La littérature a croisé ma vie il y a 34 ans, et ne l'a plus jamais quittée dès lors (j'avais 6 ans). 
Sans jamais  l'avoir lue, je connais Madeleine Chapsal depuis près de 30 ans. Ma mère, mes tantes ont toutes lu, un jour où l'autre l'un de ses livres. Mon regard a ainsi croisé son nom lors de mes pérégrinations dans les bibliothèques de mes proches. 

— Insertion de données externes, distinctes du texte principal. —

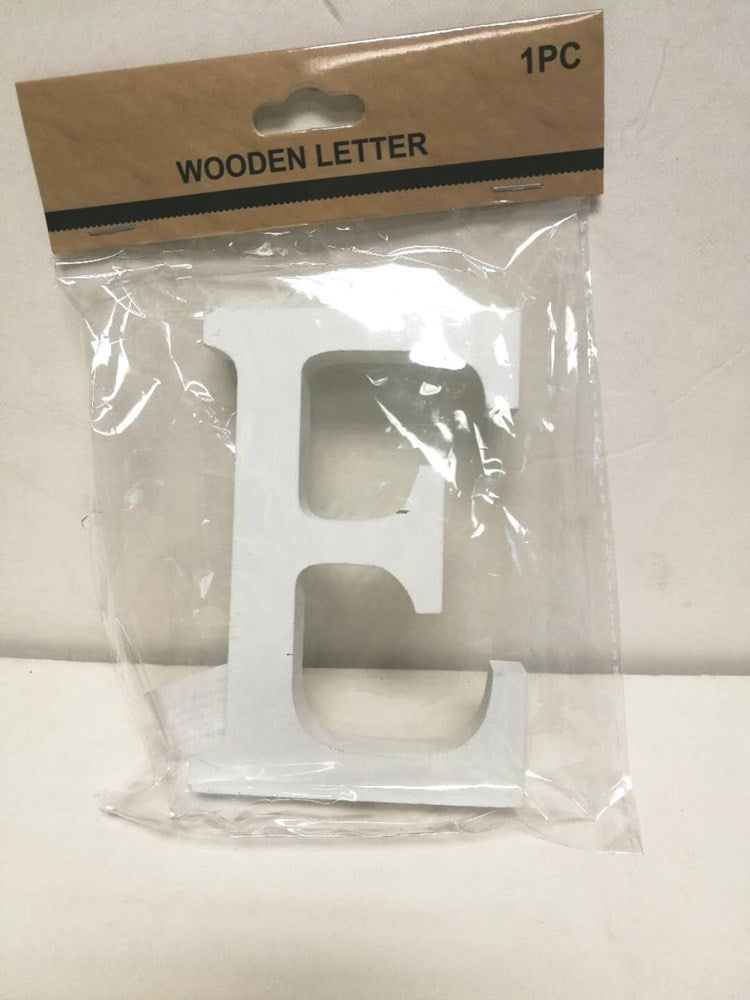 White wooden block letter E with smooth edges, packaged in clear plastic wrap with a brown cardboard header.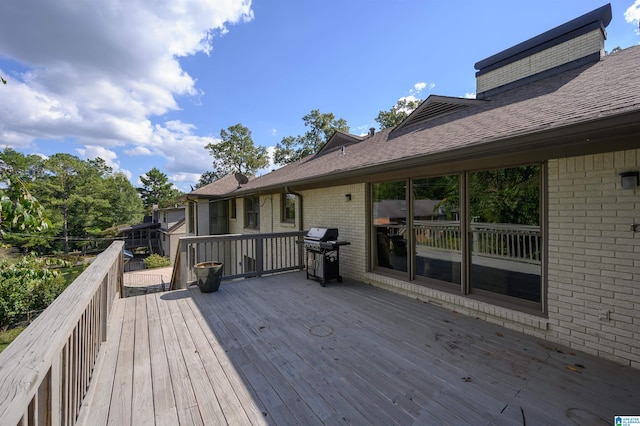 wooden deck featuring grilling area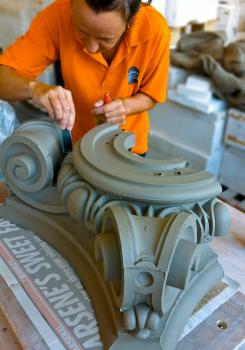 1) At Darwen Terracotta: skilled hand finishing of an ornate terracotta block destined for a building restoration project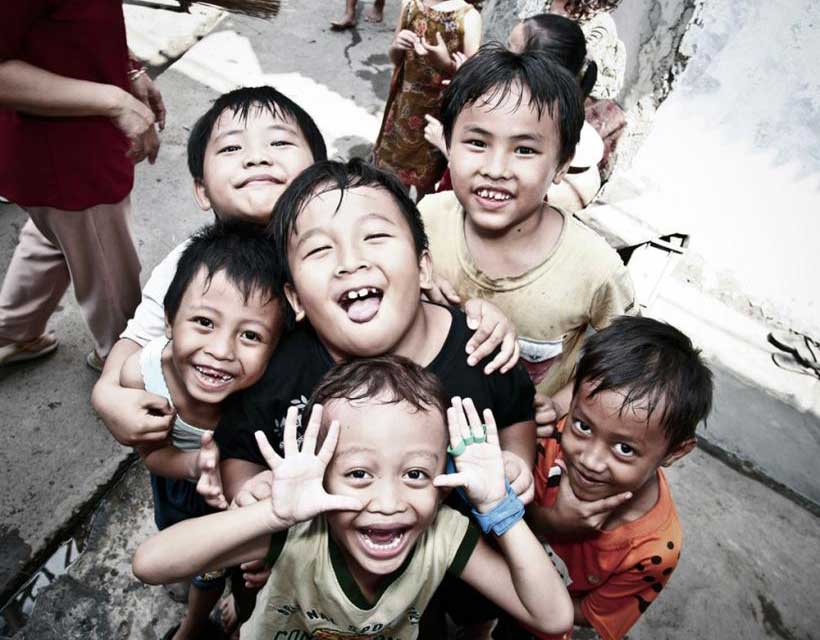 Energetic children of surrounding communities within Jakarta welcome the Global Peace Volunteers.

Quelle ne fut pas ma surprise, et mon bonheur de trouver dans ma BAL, son dernier livre. Enfin, j'allais avoir l'occasion de me plonger dans son écriture. Pourquoi alors ne pas l'avoir fait avant, en piochant dans la bibliothèque de mes proches. J'avais peur, tout simplement. Peur que ses livres ne me parlent pas, car trop jeune, ou trop garçon, pour pouvoir comprendre le regard d'une femme sur la vie d'une femme. Un grand mystère pour moi. 

Cette autobiographie, joliment titré Souvenirs involontaires n'aurait peut être pas vu le jour, si l'on avait pas demandé, à maintes reprises, à Madeleine de raconter sa vie passionnante. Tout simplement, parce qu'elle n'a fait que ça, à travers ses autres écrits. Ses romans étant inspiré de sa propre vie. 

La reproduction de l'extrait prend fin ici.